ひじき本来の色は、黒というよりつやのある茶色
乾燥すると黒っぽくなる



今年のひじきの「のび」は悪くなさそう
初日なので気合を入れて採ったひじきが山のように


 ひじきの採れる日は4〜5日で終わり、次の大潮までお休みですが、これからまだ釜炊きと天日干しという作業が待っています。
(撮影2008/2/7)


  ひじきの釜炊き

炊き始めのひじき
茶色のひじきは最初に緑になり、それから黒くなる

 夜中に採ったひじきは、さっそく翌朝から鉄の大釜と薪でじっくり時間をかけて炊いていきます。

 祝島の海で育ったひじきそのものの味はもちろん、昔通りのやり方で炊かれることで、祝島のひじきは風味を逃がさず、柔らかく仕上げられていきます。

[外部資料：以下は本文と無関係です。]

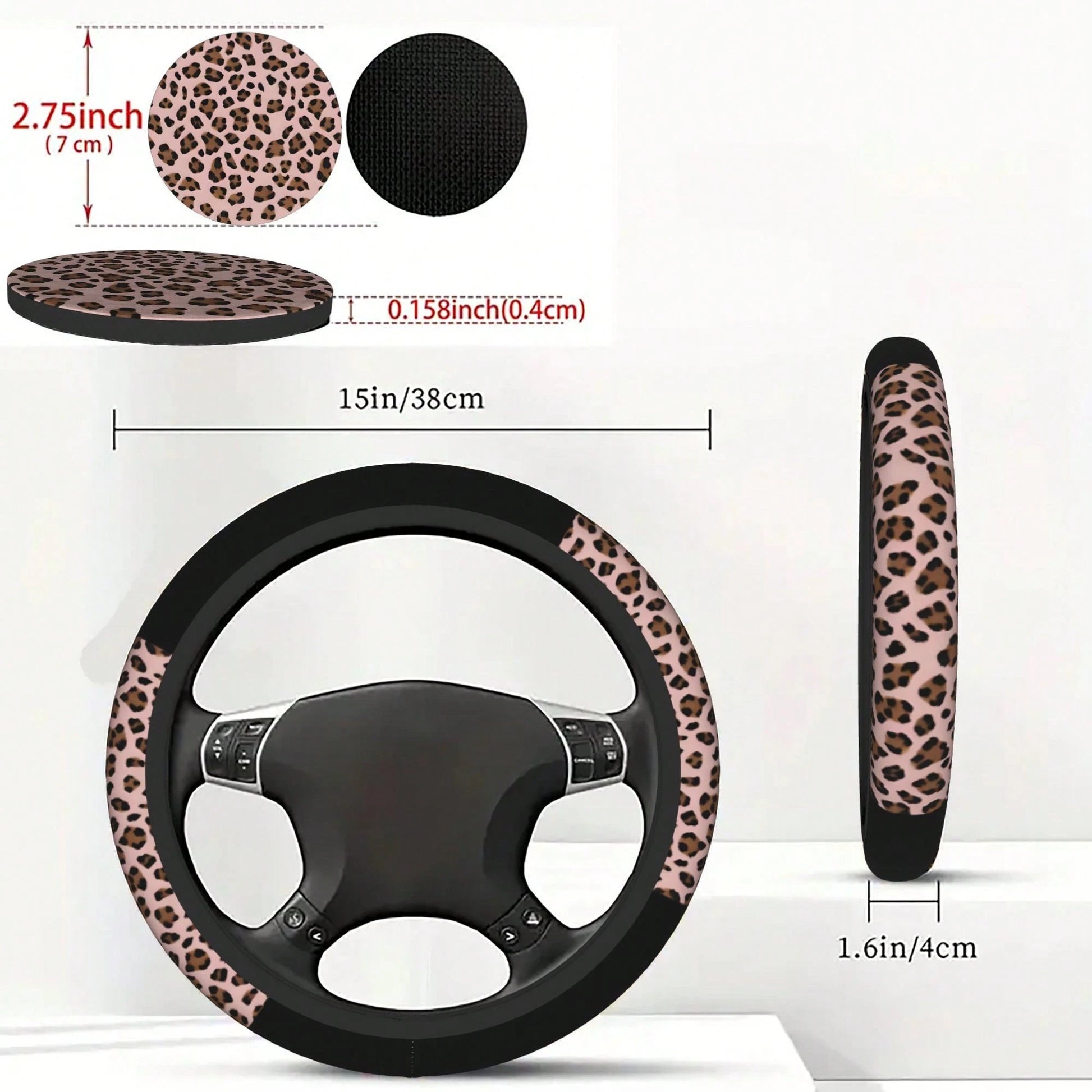 1pc Leopard Print Car Steering Wheel Cover + 2pcs Car Cup Holders, Waterproof Steering Wheel Cover Fits 14.5-15 Inch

 この後、火を消した後も蓋をしたままじっくりと蒸らして仕上げ、2〜3日ほど天日と浜風で干して祝島の干しひじきの完成です。

ときどき混ぜ、全体にまんべん無く火が通るように


薪で、じっくりと
(撮影2008/2/8)


  ひじきの天日干し


 じっくり炊かれたひじきは、今度は天日と浜風で干しあげていきます。

 海岸端に干されることが多いですが、練塀を使って立てかけたり、屋根を使ったりと、2月中旬頃の最盛期には、島のいろいろなところでひじきを干しています。

 寒い時期はまだ少ないのですが、ひじきに他の海藻や細かなゴミが混ざったりするので、なるべく混ざらないよう手作業で少しずつひじきをきれいにしていきます。

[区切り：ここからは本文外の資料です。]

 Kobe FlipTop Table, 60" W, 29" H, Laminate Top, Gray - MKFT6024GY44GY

 なお、3月に入って暖かくなってくると小さなエビやカニなどの甲殻類の仲間がひじきに混ざるようになります。

 なるべく取り除くようにはしていますがとてもとりきれる量ではないですし、それらは食べても害は無いので、祝島市場で取り扱っている干しひじきにはそういったエビやカニの仲間が入っていることもありますので、ご了承ください。

練塀を使って干す家も


他の海藻やゴミが混ざっていないかチェック


手作業で丁寧に取り除いていく
(撮影2008/2/14)


 ひじきの干しあがり

乾いたひじきは板のように1枚に

 たいへん多くのご予約・ご注文をいただいているため、少々発送が遅れ気味な祝島の干しひじきですが、大潮のたびに頑張って生産しています。

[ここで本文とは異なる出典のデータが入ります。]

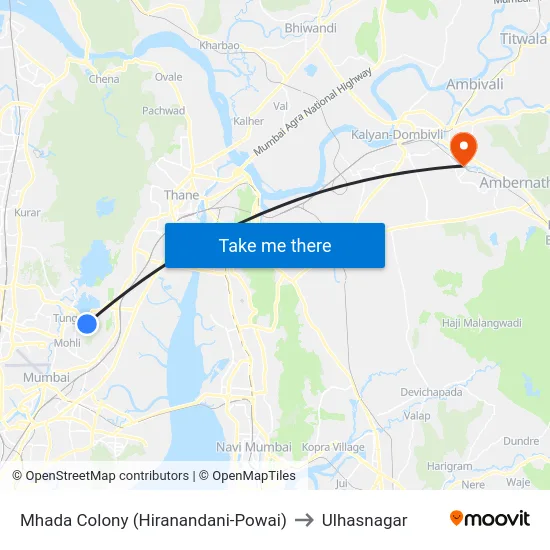 Mhada Colony (Hiranandani-Powai) to Ulhasnagar map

 天候の良い日に浜で干されたひじきは、乾くと1枚の板のようになります。

 この状態から、島のおばちゃんたちが手作業でゴミなどを取り除きながら袋詰めをしていきます。

浜風が通る波止場を利用して天日干し

 時期的にもそろそろひじきに白いもの(たんぱく質や塩分がひじきの外にでてきたもの)やエビが混ざってきはじめました。また 今年は昨年に比べ入荷量がやや少なめなので、4月以降の出荷分にはそういったものも出荷させていただきますので、ご注文を検討されるお客様にはご了承いただきたいと思います。